There are also conflicts between different governments within a system, such as our incredibly complicated federation in the USA. Who should arrest this person? Who should investigate this crime? Who should manage this park? Who should build this ship? Who should research nuclear fusion? Who should regulate the climate? Who should interpret ambiguous laws left by dead white people? These are all intra-government competitions, with different branches, departments, states, municipalities, agencies, teams, people – egos – all vying for supremacy over limited taxation/labor income. The ones that stay too terrible for too long are eventually conquered or overthrown, through ballot boxes or violence.

Even in the dictatorial so-called “communist” states of today, there are always attempts at coups, juntas, party splits, consolidations, compromises, what-have-you, as factions vie for power. China is not immune to this either, certainly not at the local levels with corrupt bureaucrats, and not even at the national level with inner-party politics at the top.

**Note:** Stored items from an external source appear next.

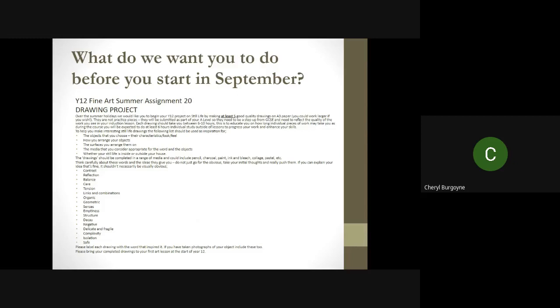That, people, is how you get a delivery at home when you're trying to do a bit of narration! So we have a selection of words, and what I'd like you to do is label each drawing with the word that inspired it. If you've taken photographs of your objects, please include these as well. Please bring your completed drawings to your first art lesson at the start of year 12. If you have any questions, please email myself, Mrs. Burgoyne, or Miss Redcliffe. We look forward to seeing you in September. Thank you.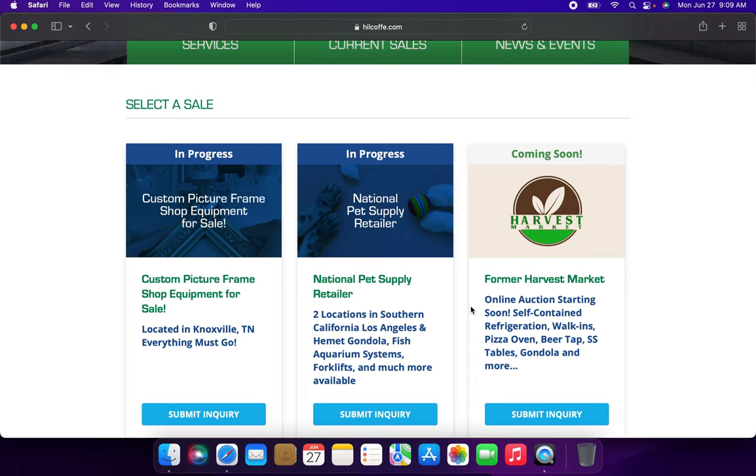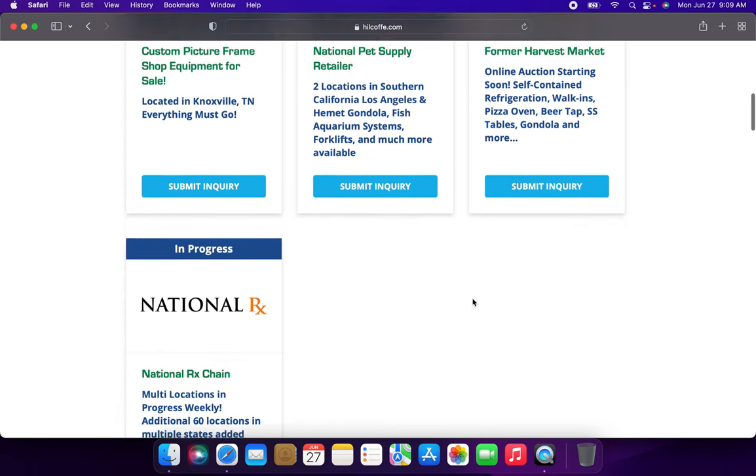A harvest market — they're going to be auctioning off some fixtures which include refrigeration, walk-in pizza oven, beer tap, SS tables, and gondolas.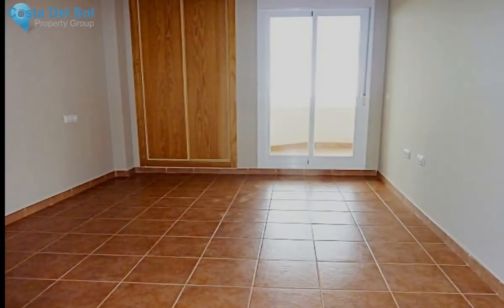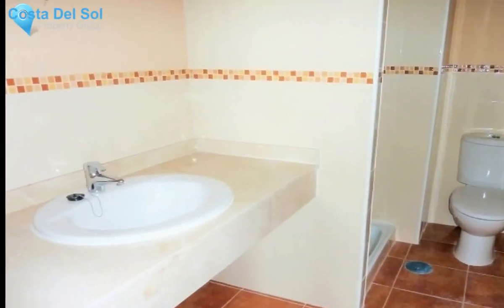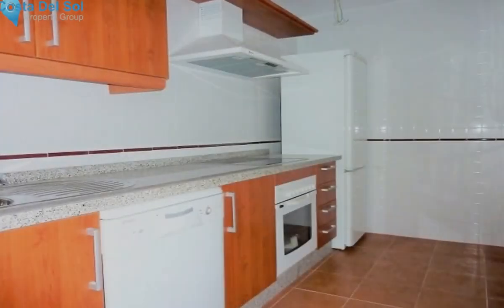Fully renovated middle floor apartment, Calahonda, Costa del Sol. Two bedrooms, two bathrooms, built 86 square metres, terrace 20 square metres.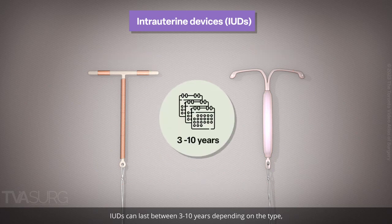IUDs can last between 3 to 10 years depending on the type, but can be removed sooner if desired. Most IUDs last longer than the officially approved duration.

I first encountered this while reading a book about the Yalta and Potsdam conferences in WWII. Britain and America got the Soviet Union to promise that there would be democratic governments in Eastern Europe. But the two sides were agreeing to two different things. So later on, when the Soviet Union established communist satellite regimes in Eastern European countries, they was an argument over whether or not they had broken the agreement. The Soviets insisted they had done what they promised because the regimes they had installed were democratic. And America and Britain insisted these regimes were not democratic so the Soviets had reneged on the agreement they had made.

The Soviets said similar things. That they don’t fit the ideal of a utopian communist state (no one ever will) does not mean they are not Communist.

Not punished? Not for having money. If the rich are on the wrong side of a power battle, or open their mouths in the wrong way, then they get punished.

Which means that under the pressure of the government companies can get forced into bad investments, like the many ghost cities. Plus a lot of companies have silent or not so silent partners aligned with party leaders or the relatives of party leaders. And the party gets very upset when this is pointed out.

Much easier to do if you don’t have to worry about pesky elections.